▶ [Problem to solve] From the entries that follow, copy exactly the lines beginning at the line holding "Hi everyone, this" and continuing through the line holding "Please make sure".

▶ [Data excerpts]
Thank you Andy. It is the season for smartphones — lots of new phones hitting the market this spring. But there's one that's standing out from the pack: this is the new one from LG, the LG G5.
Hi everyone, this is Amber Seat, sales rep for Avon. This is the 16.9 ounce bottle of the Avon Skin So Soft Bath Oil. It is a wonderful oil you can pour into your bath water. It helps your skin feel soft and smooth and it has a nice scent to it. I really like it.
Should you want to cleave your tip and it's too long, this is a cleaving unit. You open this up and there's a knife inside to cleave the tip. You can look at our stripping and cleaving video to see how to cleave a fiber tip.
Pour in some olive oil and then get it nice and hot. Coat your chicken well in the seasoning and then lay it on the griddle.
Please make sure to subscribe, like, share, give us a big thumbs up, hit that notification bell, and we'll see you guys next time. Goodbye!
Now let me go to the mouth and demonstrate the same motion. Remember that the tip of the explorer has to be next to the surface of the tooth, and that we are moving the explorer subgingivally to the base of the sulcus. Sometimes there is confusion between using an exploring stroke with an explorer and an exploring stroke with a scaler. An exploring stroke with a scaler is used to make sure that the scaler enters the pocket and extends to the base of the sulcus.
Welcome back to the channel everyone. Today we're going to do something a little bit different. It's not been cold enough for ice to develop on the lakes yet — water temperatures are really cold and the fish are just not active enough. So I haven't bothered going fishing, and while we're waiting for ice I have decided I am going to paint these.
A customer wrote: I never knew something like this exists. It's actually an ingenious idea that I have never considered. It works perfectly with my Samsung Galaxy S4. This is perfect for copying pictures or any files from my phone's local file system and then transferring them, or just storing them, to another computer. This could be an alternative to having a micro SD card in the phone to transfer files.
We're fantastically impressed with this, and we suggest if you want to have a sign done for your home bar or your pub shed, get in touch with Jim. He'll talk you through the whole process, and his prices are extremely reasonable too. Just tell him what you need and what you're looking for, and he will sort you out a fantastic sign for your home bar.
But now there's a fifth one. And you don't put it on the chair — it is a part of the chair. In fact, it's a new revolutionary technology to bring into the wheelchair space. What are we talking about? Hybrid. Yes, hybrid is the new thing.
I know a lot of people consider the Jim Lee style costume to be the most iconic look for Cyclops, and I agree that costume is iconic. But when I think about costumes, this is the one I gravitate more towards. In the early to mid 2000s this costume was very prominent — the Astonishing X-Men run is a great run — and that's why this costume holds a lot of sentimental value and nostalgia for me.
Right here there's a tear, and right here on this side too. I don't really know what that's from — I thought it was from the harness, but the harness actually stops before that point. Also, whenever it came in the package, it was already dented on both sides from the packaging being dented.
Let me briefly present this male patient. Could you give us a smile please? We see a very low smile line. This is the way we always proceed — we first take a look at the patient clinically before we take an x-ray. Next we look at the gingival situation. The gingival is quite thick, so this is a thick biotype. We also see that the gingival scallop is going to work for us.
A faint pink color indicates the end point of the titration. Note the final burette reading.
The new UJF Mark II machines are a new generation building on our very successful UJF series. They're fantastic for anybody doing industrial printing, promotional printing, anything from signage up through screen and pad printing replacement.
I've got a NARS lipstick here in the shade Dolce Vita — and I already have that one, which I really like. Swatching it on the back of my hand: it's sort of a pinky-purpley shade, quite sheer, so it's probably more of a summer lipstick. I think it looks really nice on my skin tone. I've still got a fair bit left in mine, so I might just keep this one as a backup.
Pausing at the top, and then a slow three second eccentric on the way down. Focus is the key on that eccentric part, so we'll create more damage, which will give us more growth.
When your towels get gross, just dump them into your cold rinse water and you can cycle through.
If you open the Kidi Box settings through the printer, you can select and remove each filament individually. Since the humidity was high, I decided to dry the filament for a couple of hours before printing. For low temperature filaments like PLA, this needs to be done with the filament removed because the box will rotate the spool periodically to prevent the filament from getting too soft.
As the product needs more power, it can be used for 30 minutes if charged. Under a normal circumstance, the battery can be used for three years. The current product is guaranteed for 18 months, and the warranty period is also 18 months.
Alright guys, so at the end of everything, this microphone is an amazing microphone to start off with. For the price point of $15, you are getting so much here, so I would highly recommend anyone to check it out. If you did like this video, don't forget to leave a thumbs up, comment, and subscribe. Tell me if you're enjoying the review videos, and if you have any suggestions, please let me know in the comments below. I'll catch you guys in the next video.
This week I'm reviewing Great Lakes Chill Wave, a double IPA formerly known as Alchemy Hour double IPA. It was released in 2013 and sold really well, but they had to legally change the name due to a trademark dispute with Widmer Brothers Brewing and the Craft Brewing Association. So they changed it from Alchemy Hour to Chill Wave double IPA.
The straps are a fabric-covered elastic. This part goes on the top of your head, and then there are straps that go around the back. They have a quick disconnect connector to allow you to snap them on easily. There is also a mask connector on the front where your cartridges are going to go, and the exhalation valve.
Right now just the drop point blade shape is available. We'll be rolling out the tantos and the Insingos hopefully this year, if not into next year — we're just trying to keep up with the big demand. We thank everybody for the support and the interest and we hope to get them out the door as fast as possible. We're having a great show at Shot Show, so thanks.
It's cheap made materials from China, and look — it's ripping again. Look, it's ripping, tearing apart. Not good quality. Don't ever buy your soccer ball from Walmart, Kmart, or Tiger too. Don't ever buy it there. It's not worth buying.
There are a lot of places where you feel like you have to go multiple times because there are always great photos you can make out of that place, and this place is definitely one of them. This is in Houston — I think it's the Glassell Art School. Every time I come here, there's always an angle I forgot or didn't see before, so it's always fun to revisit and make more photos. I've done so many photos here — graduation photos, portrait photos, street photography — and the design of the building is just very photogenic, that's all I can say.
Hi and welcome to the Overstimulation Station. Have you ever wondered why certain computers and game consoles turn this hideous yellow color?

▶ [Reply to the task]
Hi everyone, this is Amber Seat, sales rep for Avon. This is the 16.9 ounce bottle of the Avon Skin So Soft Bath Oil. It is a wonderful oil you can pour into your bath water. It helps your skin feel soft and smooth and it has a nice scent to it. I really like it.
Should you want to cleave your tip and it's too long, this is a cleaving unit. You open this up and there's a knife inside to cleave the tip. You can look at our stripping and cleaving video to see how to cleave a fiber tip.
Pour in some olive oil and then get it nice and hot. Coat your chicken well in the seasoning and then lay it on the griddle.
Please make sure to subscribe, like, share, give us a big thumbs up, hit that notification bell, and we'll see you guys next time. Goodbye!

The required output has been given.